How Kellogg's Jonas Beuchert's research is helping to protect endangered sea turtles
Kellogg student Jonas Beuchert is in the final year of a DPhil in Autonomous Intelligent Machines and Systems at the Department of Computer Science. He recently tweeted a photo of a sea turtle tracking tag under test in the Kellogg gardens. Naturally, we were intrigued and asked Jonas to share with us details of his involvement in the development of the tracking device.
What is a sea turtle tracking tag?
Simply put, it’s a small piece of electronics with an antenna and a battery that goes into a waterproof enclosure and is glued on the carapace of a sea turtle. Whenever the turtle surfaces to breathe, the tag wakes up and captures signals from navigation satellites that orbit the Earth (think of GPS). Once we get the tag back, we do some maths to discover where the turtle spent the past weeks.
Why do people want to track sea turtles?
Nearly all sea turtle species are endangered. Marine pollution, fishing, poaching, and climate change have all led a reduction in their numbers. If we know where they go when they are not at the beach, we can better protect these areas and help populations to survive. (Arguably, protecting them from climate change is a bit trickier…)
What is your role?
I develop the hardware and the software for the tags, but it is not just me: I work with Professor Alex Rogers and in the past I worked with Amanda Matthes, another DPhil student.
Why did you choose this subject for your DPhil?

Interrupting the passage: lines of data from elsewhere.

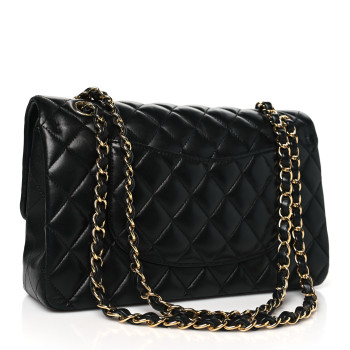 CHANEL Lambskin Quilted Medium Double Flap Black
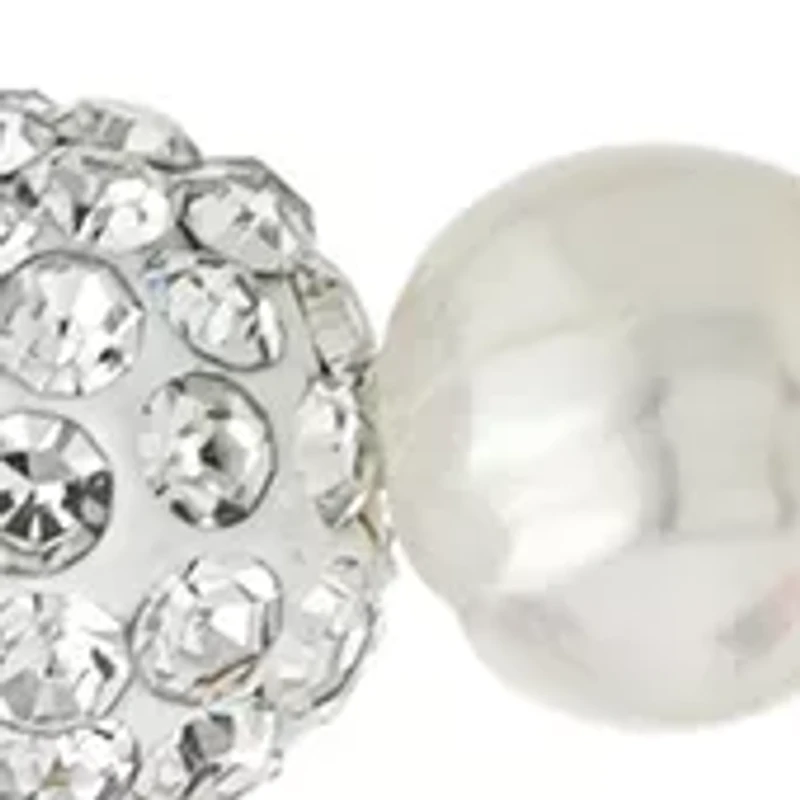 Boxed Sterling Silver 16" + 2" Freshwater Pearl with Crystals Necklace and Stud Earrings Set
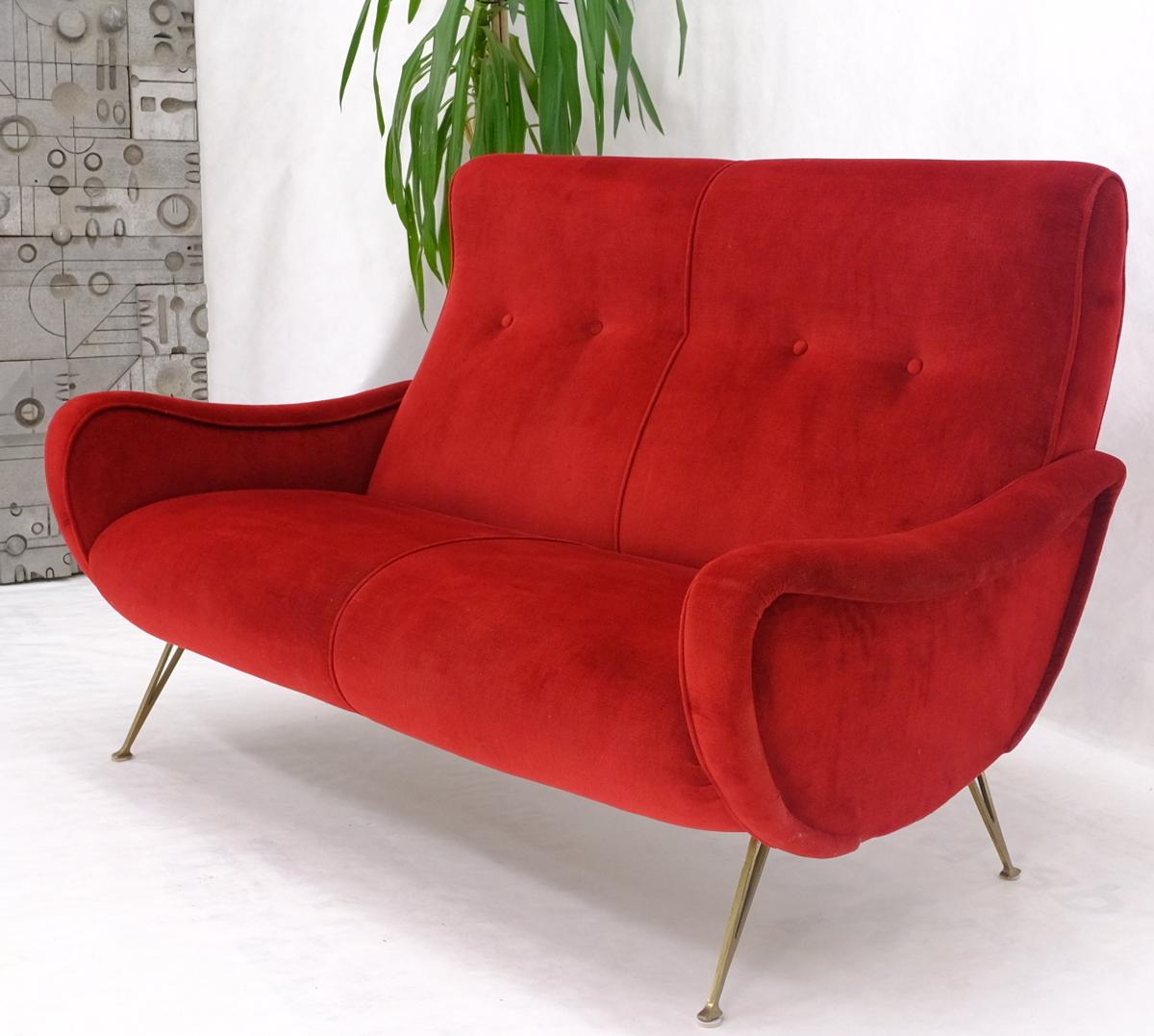 EstablishedLines Red Upholstery Brass Legs Mid century Italian Modern Sofa Loveseat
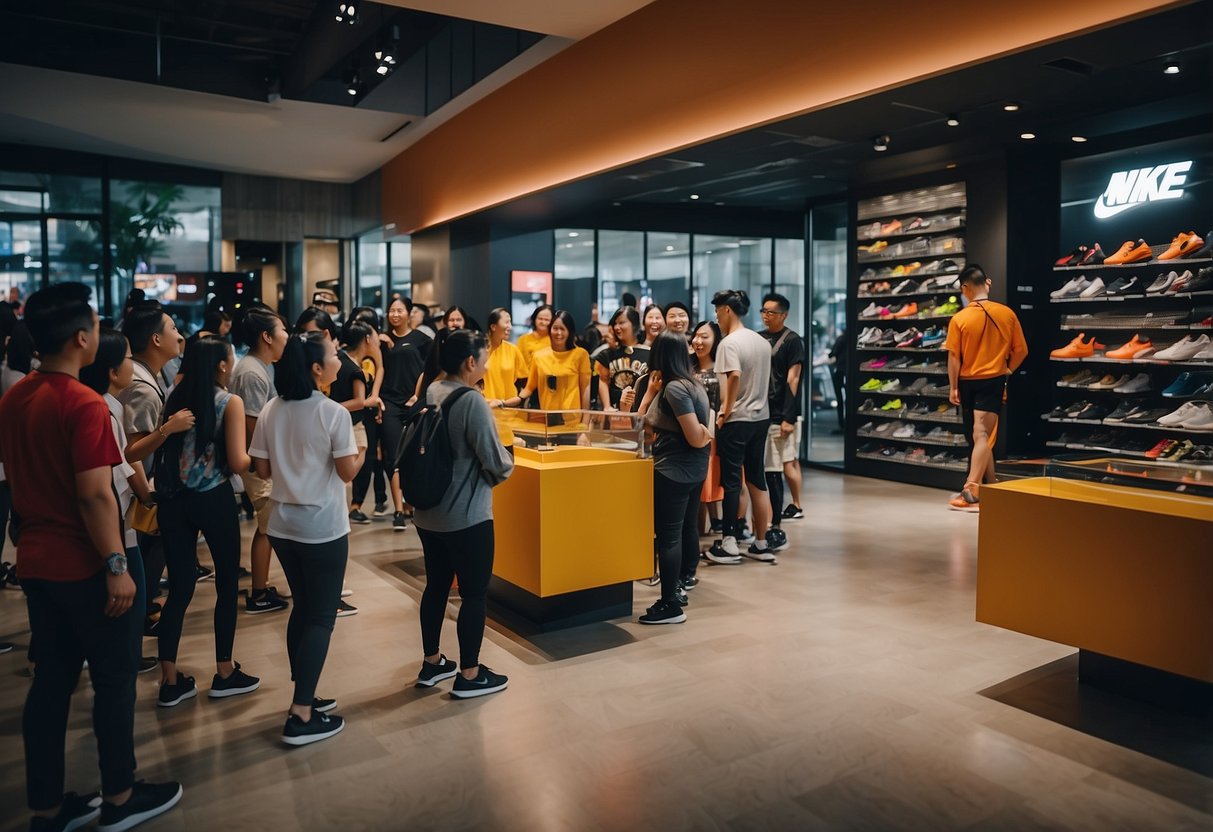 A group of diverse individuals gather around a Nike Singapore store, engaged in various community activities and events. The atmosphere is vibrant and inclusive, showcasing the brand's commitment to connecting with its local community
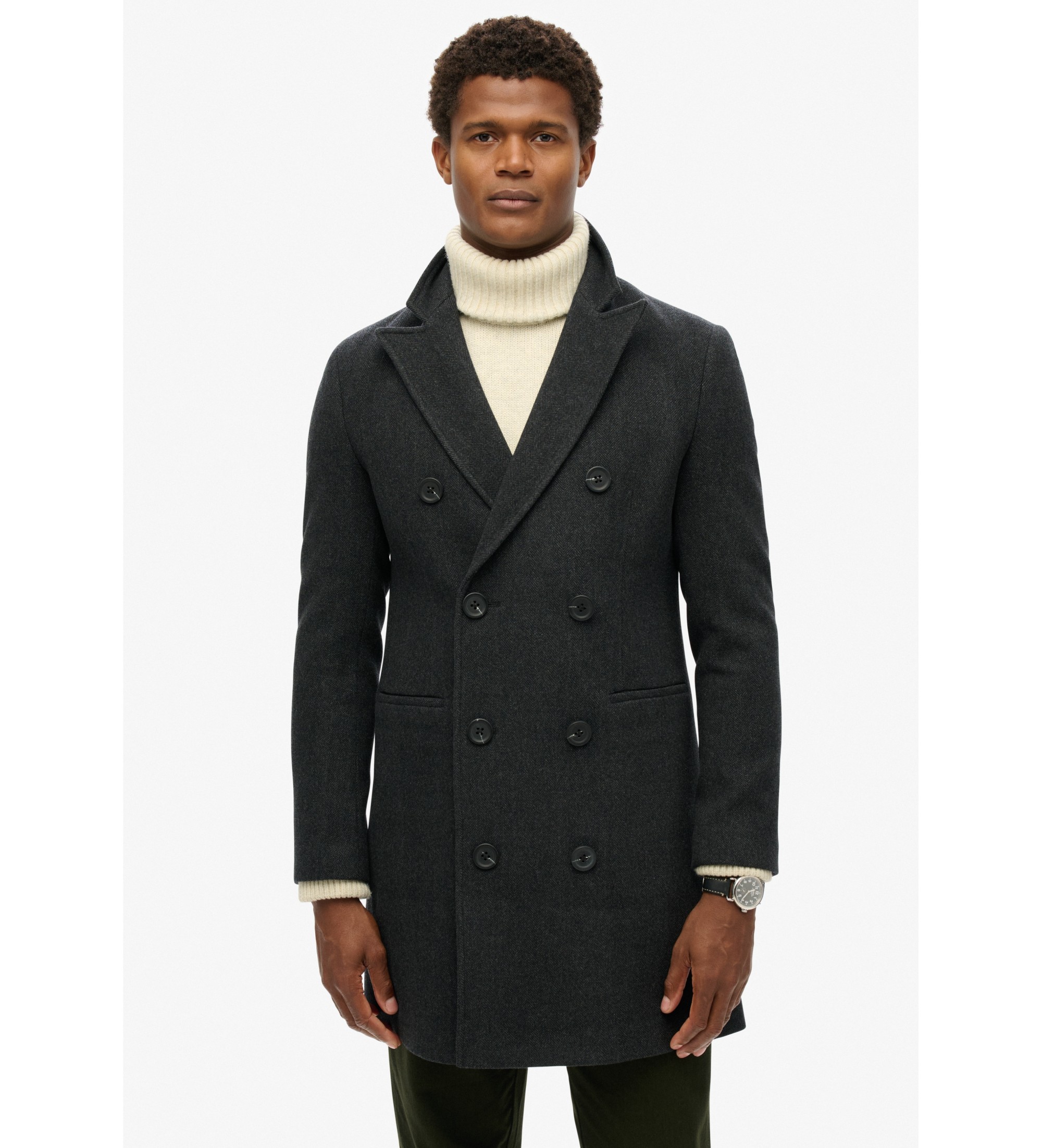 Superdry für Herren. M5011885A Merchant Town Coat schwarz (S), Lässig, Wolle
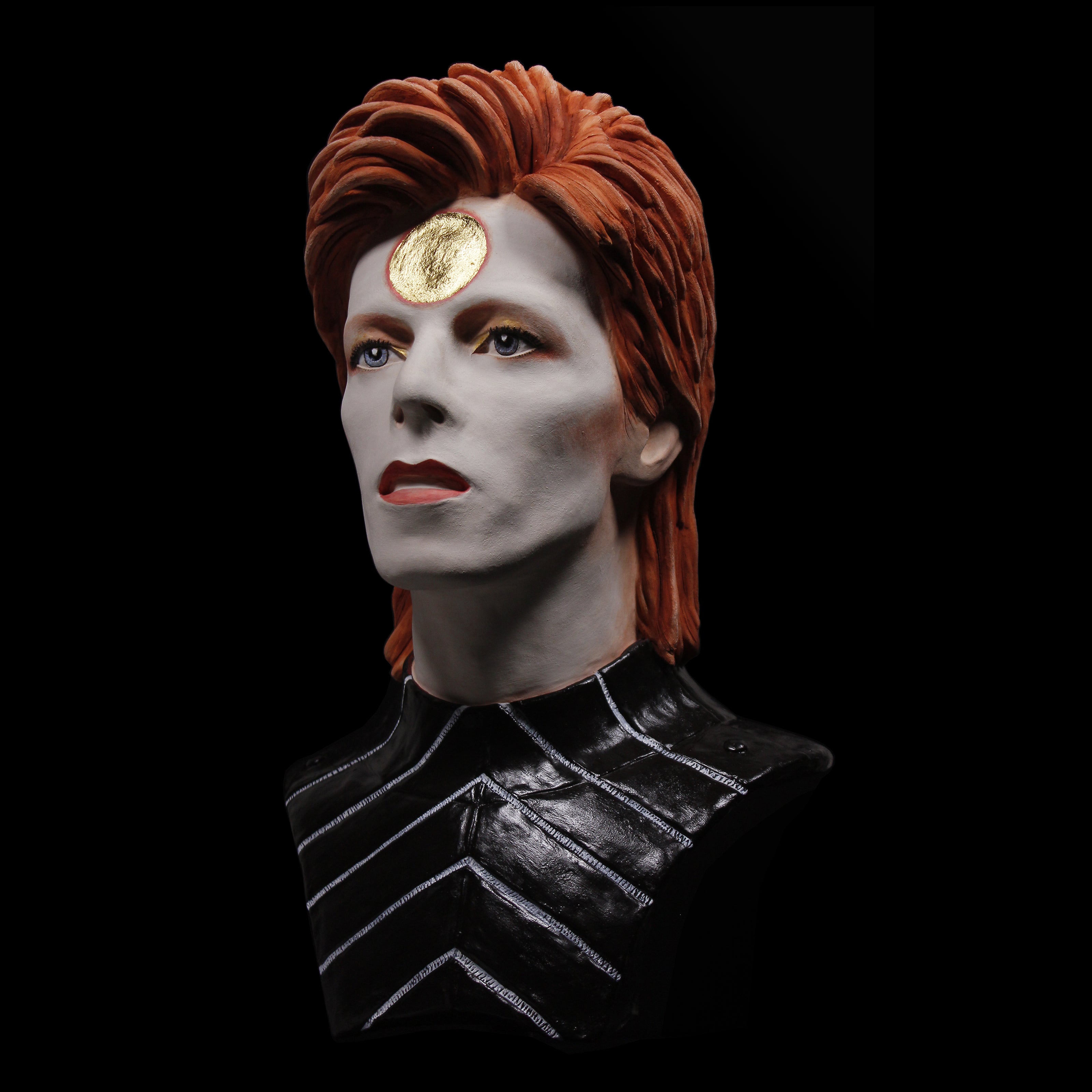 David Bowie Ziggy Stardust portrait sculpture hand painted ceramic by Maria Primolan Sculptor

Existing turtle tags can cost several thousand US Dollars each, making them inaccessible to many wildlife conservationists, this is partially due to expensive electronics. In contrast, we have developed a tag design that is low-cost, highly energy-efficient and will be fully open sourced. In addition, the tag needs only twelve milliseconds of satellite data to resolve a position fix, allowing us to locate a turtle that surfaces only very briefly.
How is the project going?
In summer 2021, working with a local conservation organisation, we had the chance to deploy the first version of our tags on sea turtles in Cabo Verde. Since then, we have open-sourced a general-purpose version of our tracking tags, distributing more than 100 to interested conservationists and researchers for different kinds of animal tracking projects around the world, ranging from sea birds to venomous snakes.
What comes next?
We are planning to work with several collaborators on more joint deployments this summer, including updated versions of our turtle tag. On a personal level, I also need to find a position after finishing my DPhil in autumn, ideally working at the intersection of software and hardware and maybe even on wildlife conservation technology and open hardware and software.
How did Kellogg College support you?
Recently, I received support from a Kellogg Travel Grant, and I also hope to benefit from a Kellogg Research Grant later this year. Also, Kellogg’s tables in the quad are great for assembling and testing sea turtle tags! I am glad to be part of a college where you are allowed to step on the grass.